Le parcours sur trente ans d’un des artistes suisses les plus inventifs et protéiformes de sa génération est à découvrir au Musée cantonal des Beaux-Arts de Lausanne, dans l’exposition Respirer un fois sur deux. Derrière ce titre énigmatique, l’enfant de Vevey Alain Huck convoque l’universel et nous invite à écouter la respiration du monde.

Il annonce d’emblée: «Le matin je retiens mon souffle pour être prêt à accueillir la dernière information d’un prochain désastre». Il ne se laisse pourtant pas démonter par les tourments de l’actualité qui, au contraire, deviennent l’impulsion de son art. «Je suis traversé par une certaine colère, une révolte.
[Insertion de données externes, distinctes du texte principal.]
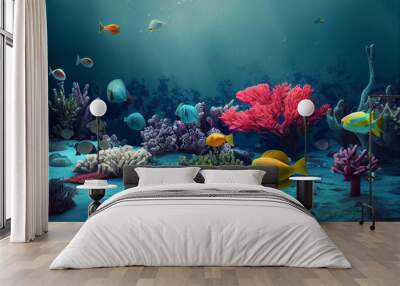 3d illustration of underwater sea colorful tropical fish in the coral reef Wall mural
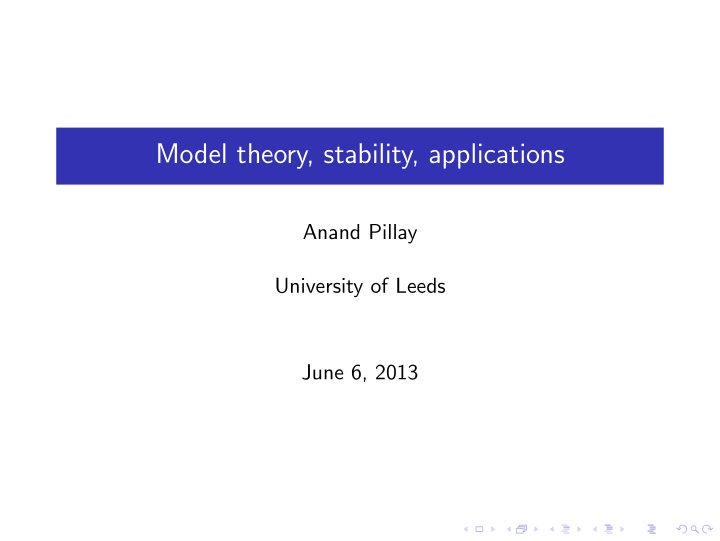 model theory stability applications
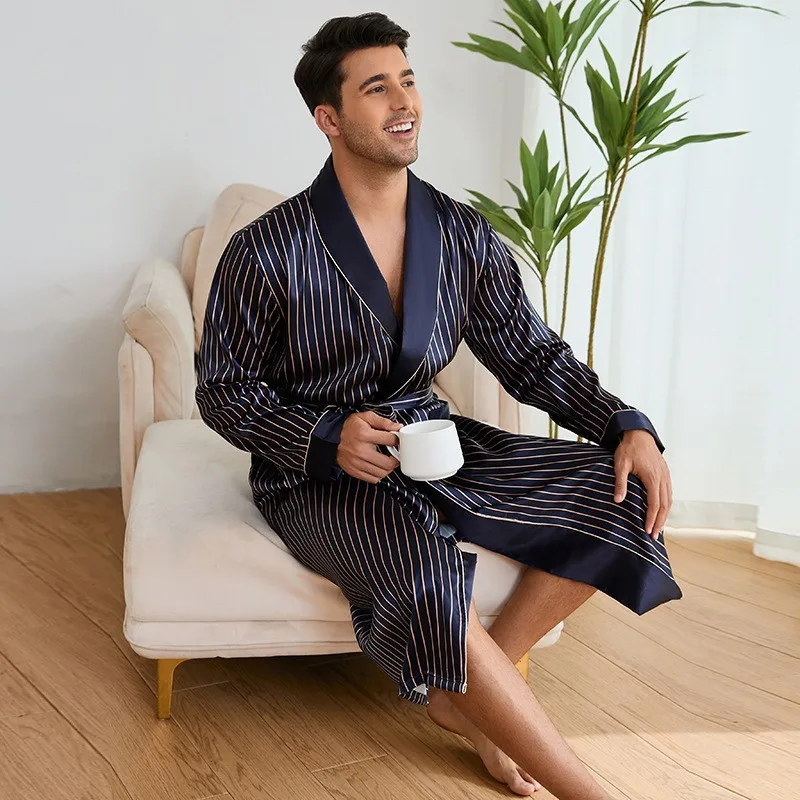 Fashion Robe Men's Stripe Robe Kimono Bathrobe Gown New Long Sleeve Sleepwear Lounge Wear Loose Casual Silky Satin Homewear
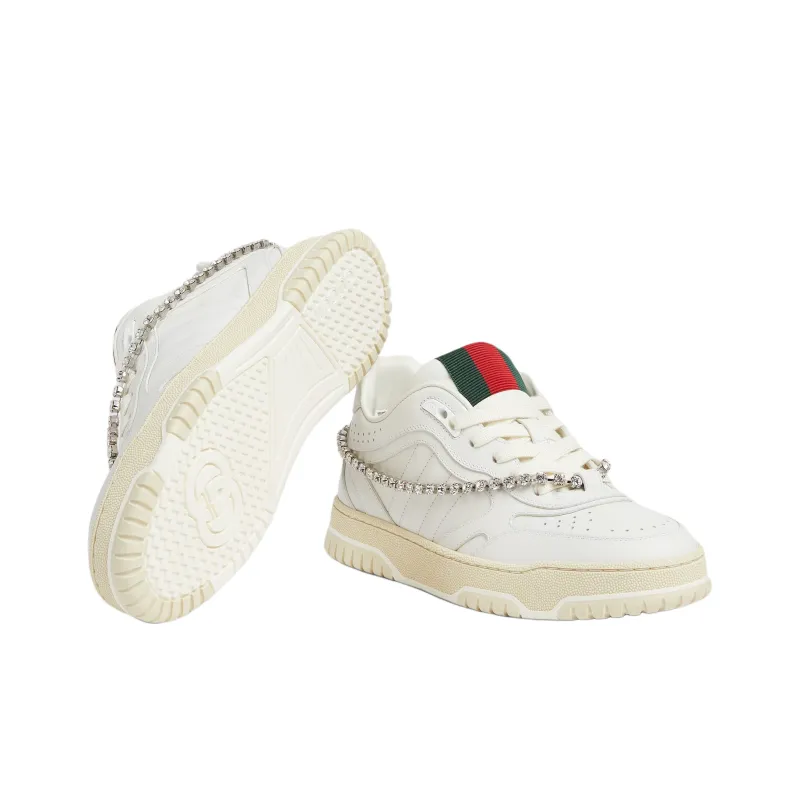 GUCCI Women's Re Web Sneaker 'White Crystal Chain' Women's-4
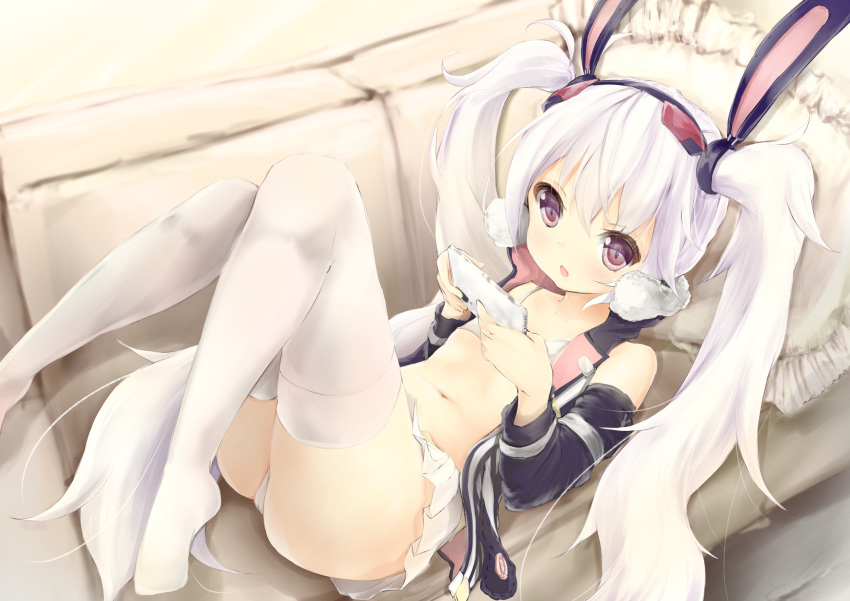 1girl animal_ears azur_lane bangs bare_shoulders bikini_top black_hairband black_jacket black_sleeves blush bunny_ears cellphone commentary_request couch detached_sleeves eyebrows_visible_through_hair frilled_pillow frills hair_between_eyes hairband highres holding holding_cellphone holding_phone jacket knees_up laffey_(azur_lane) long_hair long_sleeves looking_at_viewer lying maru_shion navel on_back on_couch open_clothes open_jacket open_mouth panties pantyshot pantyshot_(lying) phone pillow pleated_skirt purple_eyes skirt sleeveless_jacket solo thighhighs twintails underwear very_long_hair white_bikini_top white_hair white_legwear white_panties white_skirt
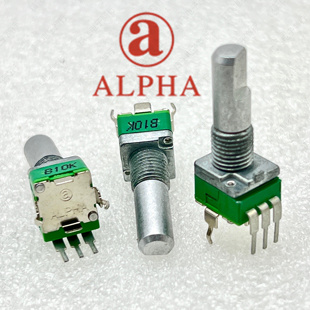 台湾阿尔法 09精密电位器雅马哈调音带中点/无中点 B10K轴长20mm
Ce quotidien me provoque une dose d’énergie, puis je pose les choses très calmement», explique-t-il.

«Je revendique une biodiversité de l’art»

Montée au MCBA sous le fin regard de la commissaire Nicole Schweizer, l’installation révèle la multiplicité des expériences plastiques de l’artiste. «Je m’autorise tout. C’est ma liberté d’artiste. Je revendique une biodiversité de l’art, comme dans la vie », sourit-il.

Dans les deux salles du premier étage du musée – un espace somme toute assez restreint –  les trois grands thèmes de la Nature, de l’Histoire et du Contrat social dialoguent dans une mise-en-scène aérée.

L’exposition de Lausanne propose des œuvres de périodes et de natures très différentes, dont les fusains monumentaux qui ont fait la notoriété de l’artiste, des bâches solaires en enfilade qui deviennent des injonctions: «Vite soyons heureux il le faut je le veux», des toiles de jute émaillées de constats poétiques et drôles, des dessins délicats. Le texte avec son rapport à l’image demeure la toile de fond. «Le fil, c’est la parole, le mot, le texte», indique l’artiste.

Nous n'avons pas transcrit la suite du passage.